De acordo com a publicação Siderúrgica do Brasil 2010-2025, do Centro de Gestão e Estudos Estratégicos (CGEE), é por meio do sistema de gestão de coprodutos que se tem os maiores avanços no aumento da sustentabilidade ambiental nas indústrias siderúrgicas. Nas usinas integradas a coque, cerca de 80% do total de resíduos sólidos gerados são oriundos apenas de duas etapas: redução e refino.
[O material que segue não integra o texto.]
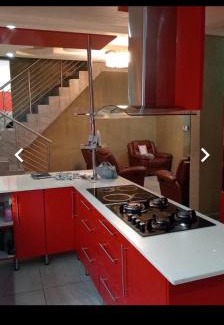 Nelspruit House | Weekend house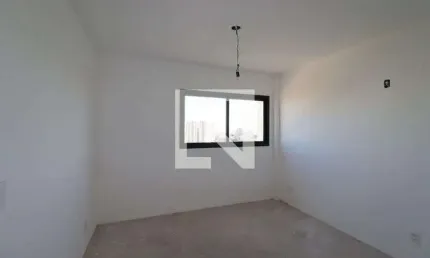 Apartamento para Venda - Vila Apiaí, 1 Quarto,  36 m² - Santo André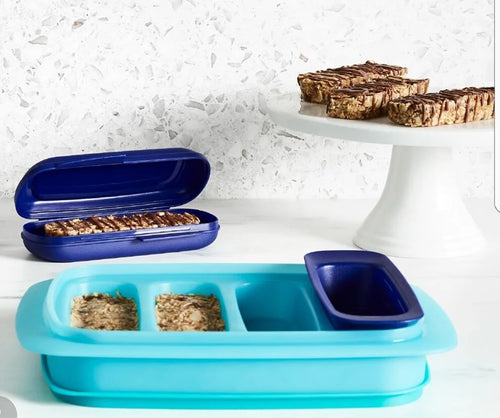 Tupperware Snack Party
Nas usinas semi-integradas, as fases de matérias-primas e refino (aciaria) respondem pela quase totalidade da geração. A escória de alto-forno é o coproduto com maior volume de geração, na faixa de 210 a 310 kg por tonelada de ferro-gusa produzido, dependendo da qualidade das matérias-primas utilizadas. No caso da escória de aciaria, a geração encontra-se na faixa de 100 a 150 kg por tonelada de aço produzido, dependendo da rota tecnológica e matérias-primas empregadas. A geração da escória de forno-panela (um tipo de equipamento que visa ao ajuste fino da composição do aço) é da ordem de 10 a 40 kg por tonelada de aço.
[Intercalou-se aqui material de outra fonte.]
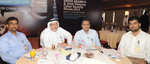 Saudi Aramco Cyber Security Forum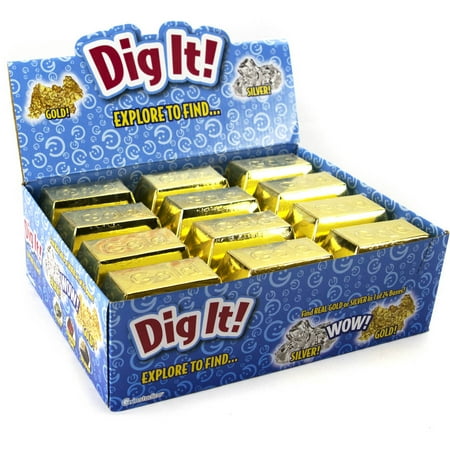 Dig that gold review Dig that gold review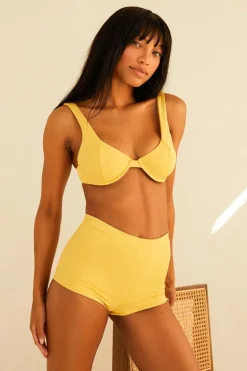 Faye Underwire Bikini Top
A publicação afirma que a grande mudança de paradigma ocorrerá no tratamento dos resíduos, quando passarão a ter os mesmos controles no seu processo de geração que o aço recebe atualmente. Tal controle permitirá a geração de coprodutos mais padronizados e com, consequentemente, maior valor agregado. O aço, como material, tem afinidade com a proteção ambiental por possuir um desempenho superior a outros metais e por ser imediatamente reciclável. O aço é hoje o produto mais reciclável e mais reciclado do mundo.
De maneira geral, dos cerca de 550 kg de resíduos sólidos gerados por tonelada de aço produzido nas usinas integradas a coque, as siderúrgicas já recuperam (e reciclam) cerca de 98% destes materiais, sendo algumas empresas brasileiras consideradas referências internacionais neste campo, com índices superiores aos de várias usinas estrangeiras.
A reciclagem de aço representa atualmente uma importante atividade econômica, que envolve uma grande estrutura composta por aproximadamente 3.000 empresas, reciclando anualmente 4,5 milhões de toneladas de aço. A siderurgia brasileira recicla anualmente cerca de 5,9 milhões de toneladas de sucata, adquiridas no mercado interno, além daquela gerada no próprio processo, conforme está na publicação do CGEE.
Inovar é a saída para crescimento sustentável da construção (e do planeta)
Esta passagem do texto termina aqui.